Yeah, heaven forbid be actually allow the user to break the layout by letting them increase the font size — next time we’ll just hard set it with pixels and we can avoid this problem.
Sometimes trying to do the right thing can cause you so much grief it’s not worth it.
I feel your pain.
I have to disagree on a couple of points:
> The powers that be don’t care that the site is standards compliant, they care that it works in their browsers
No, they care if it works in their visitors’ browsers. The email you recieved is an example of one such failure, and most people won’t even bother to email you, so for every complaint you get, there are probably thirty or so people who keep quiet.
> Standards compliance is a “nice to have” if I can get it done on my own time, in between other projects…you know, like making sure the system all works right.
Isn’t this an example of the system *not* working right?

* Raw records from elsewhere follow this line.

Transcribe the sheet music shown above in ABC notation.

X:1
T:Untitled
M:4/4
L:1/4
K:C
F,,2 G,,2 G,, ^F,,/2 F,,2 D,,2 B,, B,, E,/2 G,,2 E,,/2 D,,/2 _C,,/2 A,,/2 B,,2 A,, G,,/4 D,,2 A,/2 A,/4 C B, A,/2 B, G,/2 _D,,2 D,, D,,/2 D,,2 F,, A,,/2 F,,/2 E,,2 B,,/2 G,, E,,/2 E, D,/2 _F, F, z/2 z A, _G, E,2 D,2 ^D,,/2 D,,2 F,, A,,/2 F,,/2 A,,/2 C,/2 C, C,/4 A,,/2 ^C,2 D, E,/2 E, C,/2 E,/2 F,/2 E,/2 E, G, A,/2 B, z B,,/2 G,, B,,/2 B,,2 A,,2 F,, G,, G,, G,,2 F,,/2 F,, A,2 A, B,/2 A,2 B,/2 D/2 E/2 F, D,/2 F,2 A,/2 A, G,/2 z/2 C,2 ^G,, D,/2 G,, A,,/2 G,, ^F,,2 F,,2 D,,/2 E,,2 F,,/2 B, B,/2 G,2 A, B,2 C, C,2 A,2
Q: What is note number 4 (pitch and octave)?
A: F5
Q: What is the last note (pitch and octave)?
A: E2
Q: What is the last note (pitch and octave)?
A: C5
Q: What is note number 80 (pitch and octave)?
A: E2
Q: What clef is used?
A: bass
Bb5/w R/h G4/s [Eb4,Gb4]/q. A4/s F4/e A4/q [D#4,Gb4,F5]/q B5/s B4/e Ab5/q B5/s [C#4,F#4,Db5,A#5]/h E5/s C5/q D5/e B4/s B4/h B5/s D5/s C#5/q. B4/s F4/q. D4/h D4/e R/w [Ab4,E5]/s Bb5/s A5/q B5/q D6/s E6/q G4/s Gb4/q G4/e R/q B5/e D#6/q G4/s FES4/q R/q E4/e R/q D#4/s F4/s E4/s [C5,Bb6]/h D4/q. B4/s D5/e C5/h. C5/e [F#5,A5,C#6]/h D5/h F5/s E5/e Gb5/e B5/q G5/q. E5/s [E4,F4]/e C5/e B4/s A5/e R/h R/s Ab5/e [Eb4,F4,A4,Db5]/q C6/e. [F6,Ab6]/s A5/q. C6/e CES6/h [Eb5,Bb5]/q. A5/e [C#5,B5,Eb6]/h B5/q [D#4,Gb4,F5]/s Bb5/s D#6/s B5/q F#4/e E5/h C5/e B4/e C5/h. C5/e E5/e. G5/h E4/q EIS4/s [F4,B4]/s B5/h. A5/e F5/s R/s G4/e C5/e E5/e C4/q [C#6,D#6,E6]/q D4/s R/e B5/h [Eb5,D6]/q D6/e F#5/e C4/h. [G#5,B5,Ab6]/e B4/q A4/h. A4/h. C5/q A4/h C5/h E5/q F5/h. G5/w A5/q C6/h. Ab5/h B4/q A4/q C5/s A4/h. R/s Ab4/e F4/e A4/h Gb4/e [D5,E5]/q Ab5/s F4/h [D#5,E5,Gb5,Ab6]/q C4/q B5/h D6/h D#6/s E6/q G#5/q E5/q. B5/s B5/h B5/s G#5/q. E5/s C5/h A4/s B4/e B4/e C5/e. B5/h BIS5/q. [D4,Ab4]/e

> It doesn’t help anyone, we’re all aware of our defficiencies
At my last job at a web dev firm, we got occasional queries from clients about emails they’d received from people complaining that their site didn’t work right in [x] browser or [y] OS. My boss, the owner of the firm, carefully explained to them that these were troublemakers that didn’t have anything better to do with their time. That firm was responsible for a few hundred large websites (online ordering, etc), and a couple of hundred small websites (mainly just publicity stuff).
As far as I can tell, this is the norm for the web development industry, as enlightened as your organisation might be, it doesn’t follow that everybody is. You’re living in a dream world if you think that everybody is aware of alternative browsers, alternative operating systems, or even the fact that some people need to surf with large fonts, etc.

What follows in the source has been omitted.